ではどのような組み合わせで申し込めば良いのか、まずは2種類の金融機関からの融資の特徴を紹介します。
民間融資の特徴
都市銀行や地方銀行、信用金庫などの金融機関から融資を受ける方法ですが、公的融資よりも審査が厳しい傾向にあります。
しかし、融資の申請に必要な書類が少なく審査が短いため、短期間で資金調達ができるメリットがあります。
さらに、メガバンクであれば全国の至る所に支店があるため、相談や返済の際に便利である利点があります。
さらに、信頼を得られればかなりの大口の資金を融資してもらえます。
公的融資の特徴
公的融資は国や自治体による融資です。
特に、日本政策金融公庫は日本公庫とも呼ばれる100%政府全額出資の金融機関で、基本理念の中には「民間金融機関の補完」も公示されており、比較的融資を借りやすいというメリットがあります。

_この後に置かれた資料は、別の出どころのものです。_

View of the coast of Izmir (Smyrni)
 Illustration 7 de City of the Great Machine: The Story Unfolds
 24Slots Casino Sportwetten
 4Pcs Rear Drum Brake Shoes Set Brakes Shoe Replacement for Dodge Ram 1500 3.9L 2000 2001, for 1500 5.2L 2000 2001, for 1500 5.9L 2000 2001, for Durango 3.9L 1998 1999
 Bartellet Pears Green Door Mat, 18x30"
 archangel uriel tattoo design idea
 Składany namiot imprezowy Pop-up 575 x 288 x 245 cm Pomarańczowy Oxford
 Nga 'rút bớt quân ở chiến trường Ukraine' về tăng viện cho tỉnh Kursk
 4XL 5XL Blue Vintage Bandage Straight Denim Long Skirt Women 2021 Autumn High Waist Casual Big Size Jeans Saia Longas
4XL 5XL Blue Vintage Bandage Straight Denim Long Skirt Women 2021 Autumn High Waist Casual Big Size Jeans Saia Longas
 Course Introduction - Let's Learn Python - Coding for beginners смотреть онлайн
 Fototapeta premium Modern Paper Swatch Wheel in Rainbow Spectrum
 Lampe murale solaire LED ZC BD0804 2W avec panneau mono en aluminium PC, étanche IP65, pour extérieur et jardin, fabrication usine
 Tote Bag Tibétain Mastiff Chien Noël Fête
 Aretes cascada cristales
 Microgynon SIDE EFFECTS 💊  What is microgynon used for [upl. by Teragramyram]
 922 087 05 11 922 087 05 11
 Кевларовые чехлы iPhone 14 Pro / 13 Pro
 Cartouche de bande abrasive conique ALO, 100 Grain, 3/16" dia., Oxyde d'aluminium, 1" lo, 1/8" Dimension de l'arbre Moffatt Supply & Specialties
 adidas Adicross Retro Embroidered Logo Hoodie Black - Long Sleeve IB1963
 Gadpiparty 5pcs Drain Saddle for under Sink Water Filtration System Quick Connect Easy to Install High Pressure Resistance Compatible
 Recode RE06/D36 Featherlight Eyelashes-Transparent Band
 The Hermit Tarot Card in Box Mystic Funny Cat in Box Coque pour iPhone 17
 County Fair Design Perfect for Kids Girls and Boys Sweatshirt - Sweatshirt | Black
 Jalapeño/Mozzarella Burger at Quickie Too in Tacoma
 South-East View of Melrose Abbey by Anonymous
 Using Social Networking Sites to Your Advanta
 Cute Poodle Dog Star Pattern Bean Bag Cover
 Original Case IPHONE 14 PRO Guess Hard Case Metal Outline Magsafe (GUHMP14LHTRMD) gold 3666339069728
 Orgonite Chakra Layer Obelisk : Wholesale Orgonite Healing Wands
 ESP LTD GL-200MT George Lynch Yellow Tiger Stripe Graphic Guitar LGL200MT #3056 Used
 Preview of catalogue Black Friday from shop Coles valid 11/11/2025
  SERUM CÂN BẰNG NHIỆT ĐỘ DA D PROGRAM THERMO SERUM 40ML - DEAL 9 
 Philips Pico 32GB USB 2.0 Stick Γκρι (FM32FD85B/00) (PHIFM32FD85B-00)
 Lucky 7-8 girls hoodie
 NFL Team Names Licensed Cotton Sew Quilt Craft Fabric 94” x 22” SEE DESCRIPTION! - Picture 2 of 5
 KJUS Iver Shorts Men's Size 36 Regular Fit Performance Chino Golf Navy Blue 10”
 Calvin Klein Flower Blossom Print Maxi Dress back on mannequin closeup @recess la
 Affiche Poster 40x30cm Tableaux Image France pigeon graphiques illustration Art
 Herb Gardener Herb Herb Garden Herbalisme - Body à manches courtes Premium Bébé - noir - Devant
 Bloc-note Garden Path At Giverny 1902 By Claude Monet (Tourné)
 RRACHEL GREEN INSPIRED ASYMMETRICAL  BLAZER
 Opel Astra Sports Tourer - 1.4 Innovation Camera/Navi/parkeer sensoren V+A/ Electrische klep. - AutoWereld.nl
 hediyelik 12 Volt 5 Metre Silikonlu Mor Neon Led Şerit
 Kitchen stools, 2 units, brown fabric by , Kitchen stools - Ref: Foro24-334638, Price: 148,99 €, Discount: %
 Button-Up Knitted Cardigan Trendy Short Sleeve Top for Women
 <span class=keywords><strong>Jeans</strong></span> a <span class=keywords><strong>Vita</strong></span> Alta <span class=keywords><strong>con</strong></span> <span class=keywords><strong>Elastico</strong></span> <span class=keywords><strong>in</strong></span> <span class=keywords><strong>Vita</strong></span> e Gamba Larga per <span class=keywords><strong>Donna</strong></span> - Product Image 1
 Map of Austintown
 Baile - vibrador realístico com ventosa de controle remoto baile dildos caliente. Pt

他にも、金利が1〜3%と低金利であることや、日本政策金融金庫で融資を受けることで、事業に融資の実績がつくことから、今後他の金融機関で融資審査を受ける際に審査が通りやすくなるというメリットもあります。
複数銀行に申し込む場合の注意
前述した通り、複数の銀行に同時に融資を申し込むことは、全く問題ありません。
しかし、民間融資を複数申し込むことはあまり意味をなさない場合があります。
民間の銀行にとって創業融資は新たな顧客獲得になるために、積極的に融資したいという考えがあります。
その反面で、過去の融資の実績がないために銀行としてもリスクの高い融資でもあります。
そのため一般的には、創業融資を申し込む際には、連帯保証人の役割を果たしてくれる、「信用保証協会」の保証付融資の利用を勧められることが一般的です。
ただし、その保証書付融資の審査は、同じ信用保証教会によるもののため、複数の銀行への融資の申し込みであっても、保証審査も結果が変わりません。
つまり、複数の民間銀行への申し込みであっても、信用保証協会の審査に落ちてしまえば、同時に複数の銀行からの融資が受けれれなくなってしまうことが考えられます。
そのため、融資を同時進行で申し込む場合は、審査方法の異なる民間融資と公的融資を申し込むのが最善であると言えます。
審査に落ちてしまう方の特徴と注意
ここまで、融資の大まかな分類を紹介しましたが、実際に創業融資を申請する際にどのようなことに注意をしたら良いのか?
まず、創業融資の審査には重要な項目があります。
・経営能力の有無
・事業計画の妥当性
この2つを様々な側面がらチェックをし融資審査が行われていきます。
では、具体的に審査に落ちてしまう方の特徴を紹介します。
自己資金の用意がない
融資を利用するからと言って、自身の資金の用意が全くない状態では話になりません。
創業融資の利用条件に入ってくることはもちろんですが、自己資金は創業者の意欲の現れとしても考えられる傾向にあるためです。
創業に向けて計画的に自己資金の準備をしてきた努力や資金をしっかりと管理してきた管理能力なども評価の対象となります。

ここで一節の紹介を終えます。